Towering above the University of British Columbia’s (UBC) Point Grey campus, this ground-breaking 18-storey student residence is one of the tallest contemporary mass-timber hybrid structures of its kind in the world.
This fifty-four-metre-high residential tower became the world’s tallest mass-timber hybrid building when it was completed in 2017. As the first of its kind, the project received international recognition and media coverage for expanding the possibilities of tall wood construction, reflecting a global-wide interest in more sustainable ways to construct high-rise buildings for high-density living. It is now home to over four hundred students made up of over 270 studios and 33 four-bedroom units. Common spaces for social gatherings and studying envelop students with exposed wood, while offering them breathtaking views of Vancouver’s Burrard Inlet. The eighteen-storey structure is an innovative and efficient system of Douglas-fir glue-laminated timber (glulam) and parallel stand lumber (PSL) columns that directly support 5-ply cross-laminated timber (CLT) floor panels without the need for downstand beams. A steel connector allows for a direct load transfer between the columns and provides a bearing surface for the CLT panels. The building envelope is a prefabricated panel system clad with wood fibre high-pressure laminate.
A safe, repeatable, and reliable approach to high-rise timber construction
While the height of the wood structure is unprecedented, in all other respects the design is deliberately straightforward, demonstrating that timber construction can be a highly efficient, safe, repeatable, and reliable approach to high-rise construction. The seventeen storeys of mass timber sit on a single-storey concrete podium. The mass timber components are encapsulated in drywall for added fire resistance. This ensured quick code approvals and met tight schedule constraints. Inside the building, warm wood finishes are used on the ground floor and in the social and study spaces. Glulam columns are left exposed in the upper level amenity lounge, hallways feature wood doors, and elevator lobbies are finished in the same wood fibre cladding panels used on the exterior.
Technology takes a centuries-old building material to new heights
Brock Commons’ timber structure reached new record-setting heights through the use of advanced prefabricated construction and design. This included virtual design and construction modelling (VDC)— technology used to visualize, analyze and make better, more collaborative decisions at each stage of the project. VDC enabled the team to test and troubleshoot various solutions, output designs directly to the mass-timber manufacturer for precise fabrication and meticulously plan the sequence and assembly of on-site construction.

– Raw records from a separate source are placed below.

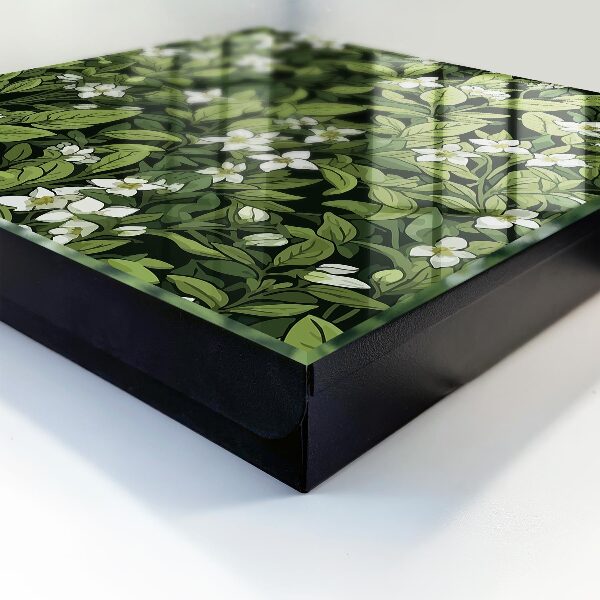 Modern kulcstartó szekrény Növényi motívum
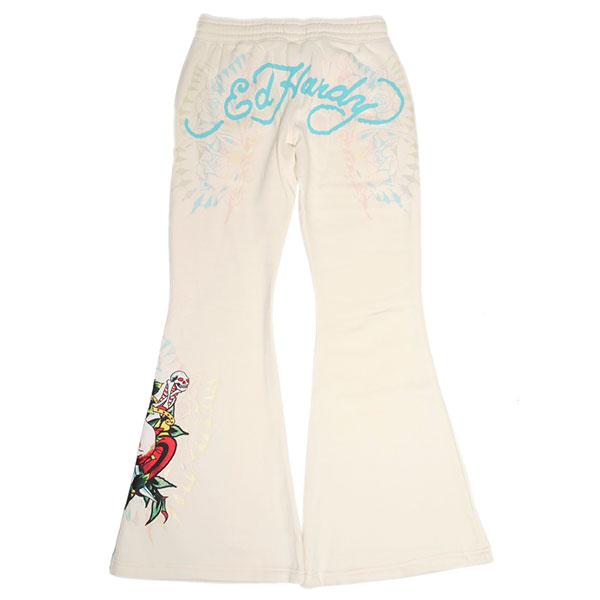 YOLO GIRL BOOTCUT SWEATPANTS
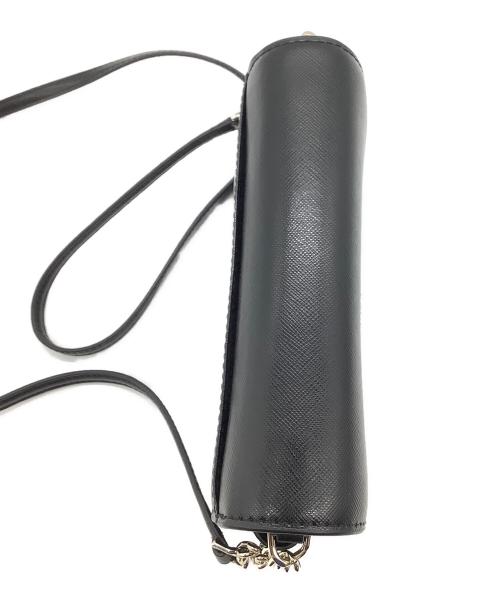 Kate Spade（ケイトスペード）Kate Spade (ケイトスペード) ショルダーバッグ ブラックの古着・服飾アイテム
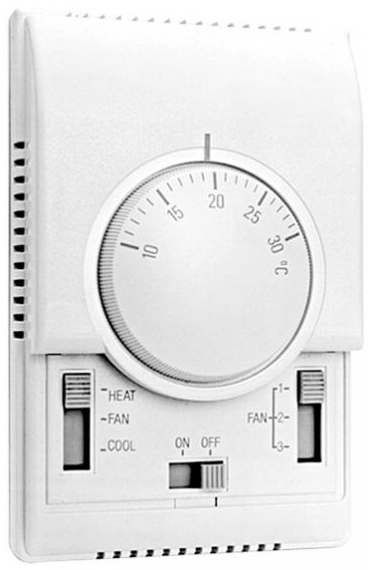 AEROCK 3х скоростной ДХ для АС вентиляторов настенный регулятор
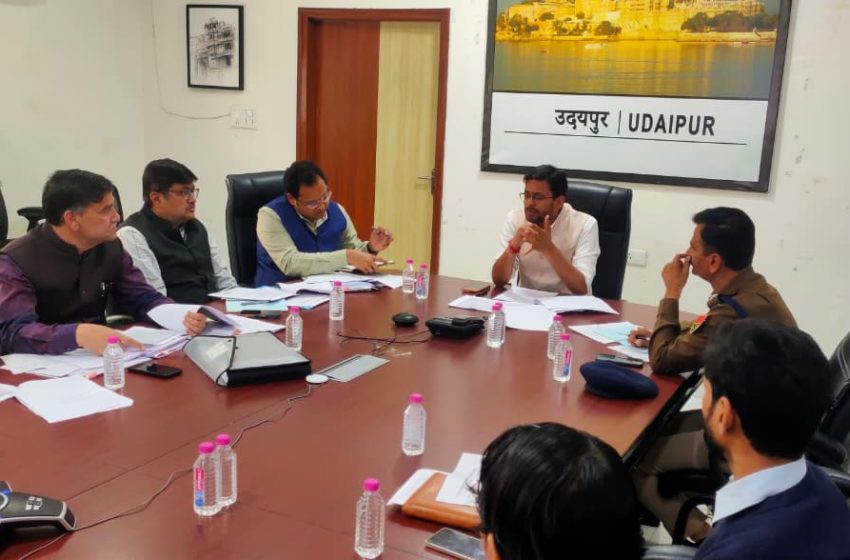 जिला सड़क सुरक्षा समिति की बैठक: हादसों पर रोक और यातायात सुधार पर फोकस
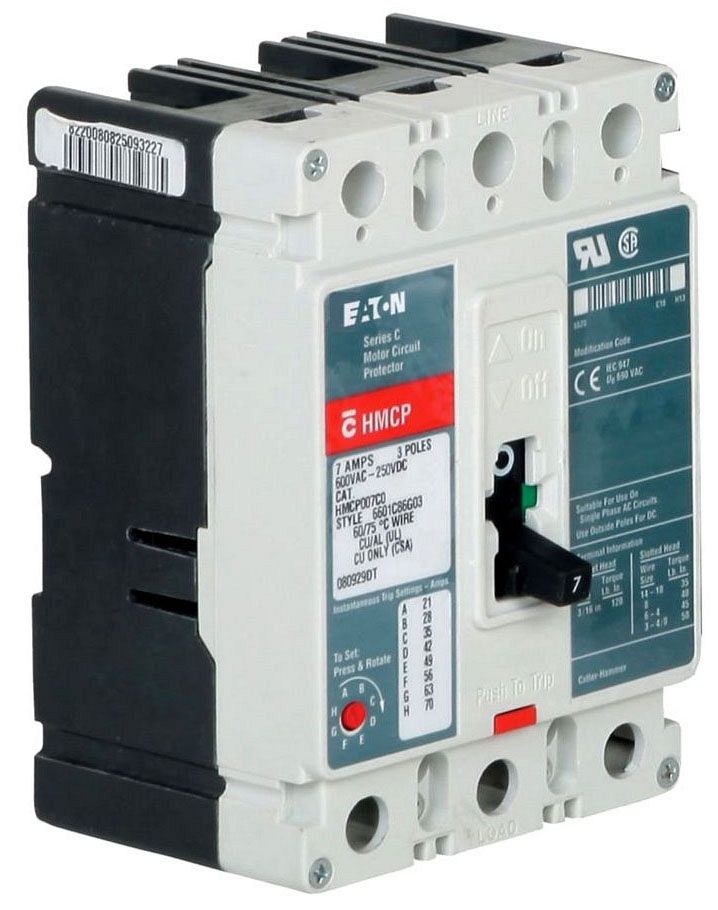 Eaton HMCPS015E0CH09 Motor Circuit Protector (MCPs)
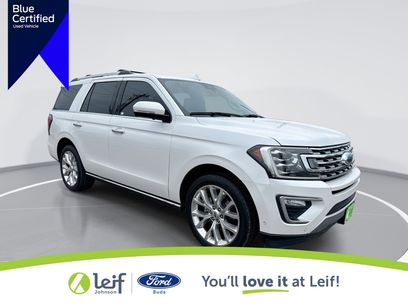 Certified 2019 Ford Expedition Limited w/ Equipment Group 302A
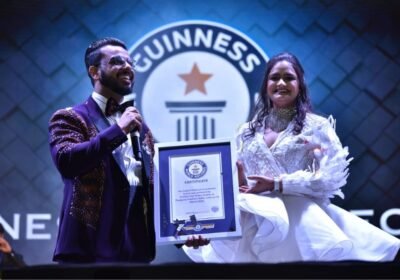 Pushkar Raj Thakur Sets New Guinness World Record for Largest Financial Investment Lesson Attended by 4,500 People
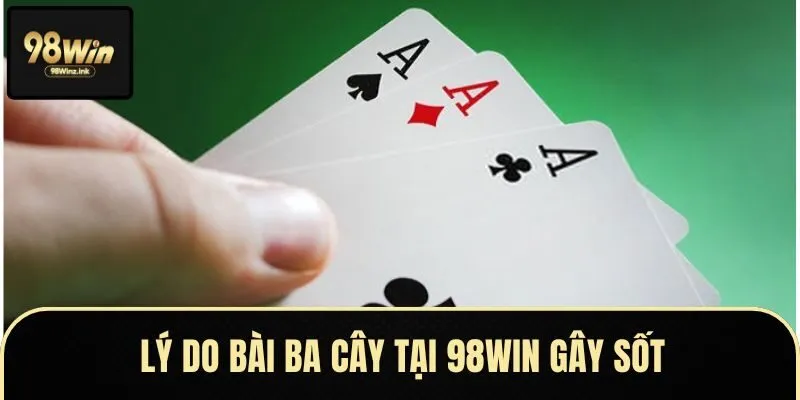 Chiến thuật chơi thắng lớn khi tham gia bài ba cây tại nhà cái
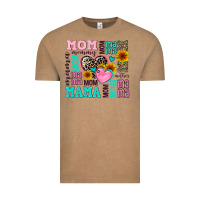 Vintage Coffee mom mama mommy with hearts Vintage Tee - AdoDesignShop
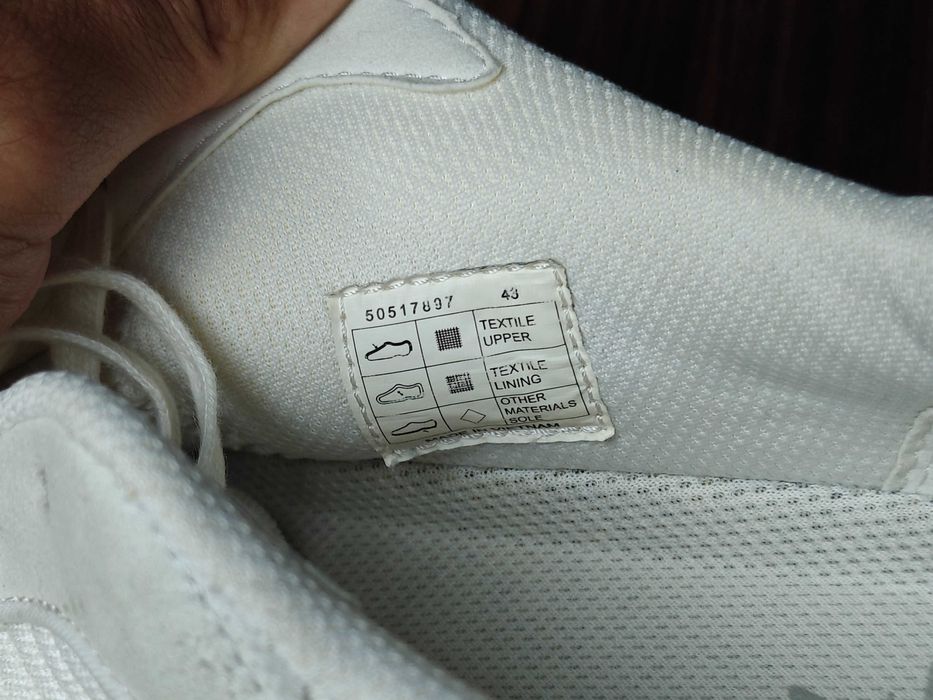 BOSS Sneakers TTNM Evo Runn Acbc 50517897 Alb | Purtați maxim de 3 ori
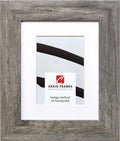 Craig Frames 74030 20 x 24 Inch Faux Gray Barnwood Picture Frame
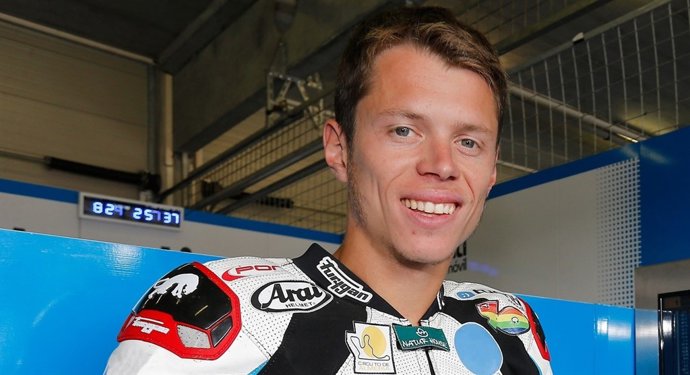 El piloto de Moto2 Esteve Tito Rabat
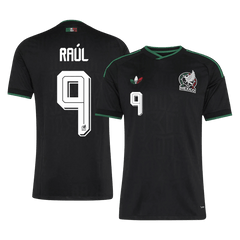 RAÚL #9 Player Version Mexico Third Soccer Jersey World Cup 2026 Black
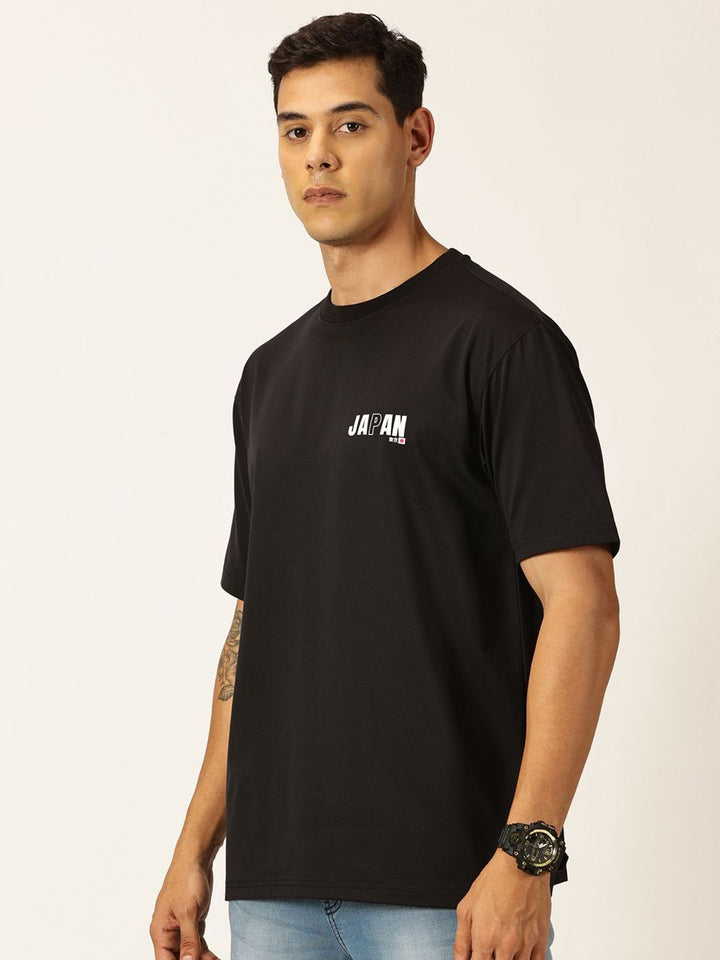 Thomas Scott Graphic Printed Drop Shoulder Oversized T-shirt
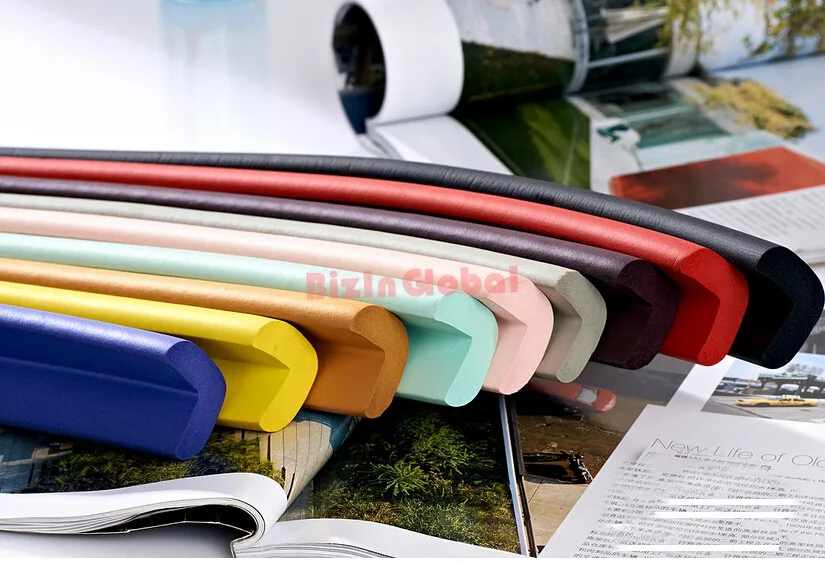 200CM Glass Table Edge Guard Corner Cushion Bumper Baby Safety Protector Free Cut (2)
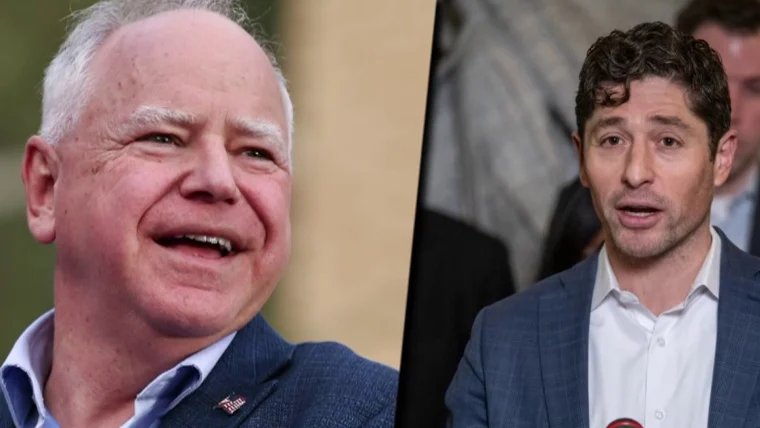 DOJ Buka Penyelidikan Kriminal ke Gubernur Walz dan Walikota Frey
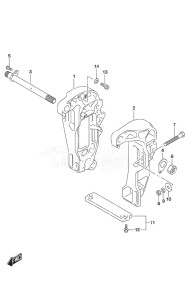 DF 60A drawing Clamp Bracket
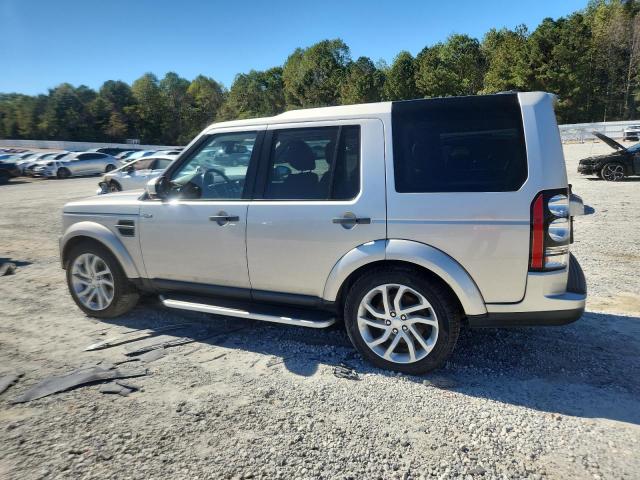 SALAG2V68GA842882 - 2016 LAND ROVER LR4 HSE SILVER photo 2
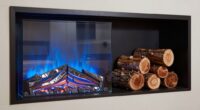 glass or logs choice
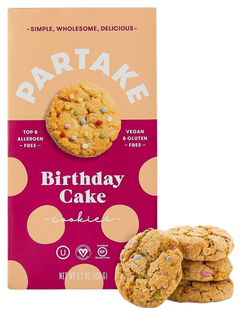 Birthday Cake Cookie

Just-in-time prefabricated timber construction saves time and boost efficiencies
This integrated approach boosted efficiencies and enabled just-in-time prefabricated construction. All the major engineered wood and hybrid elements were manufactured off-site for quick on-site installation as they were delivered. It’s a time-saving method that originates from automotive manufacturing and ensures the right materials were supplied to site in the right order and at the right time. As a result, the entire mass-timber superstructure, including the prefabricated exterior wall panels with wood-fibre-and-resin cladding, was assembled in 70 days by a crew of nine wood installers—two months faster than planned.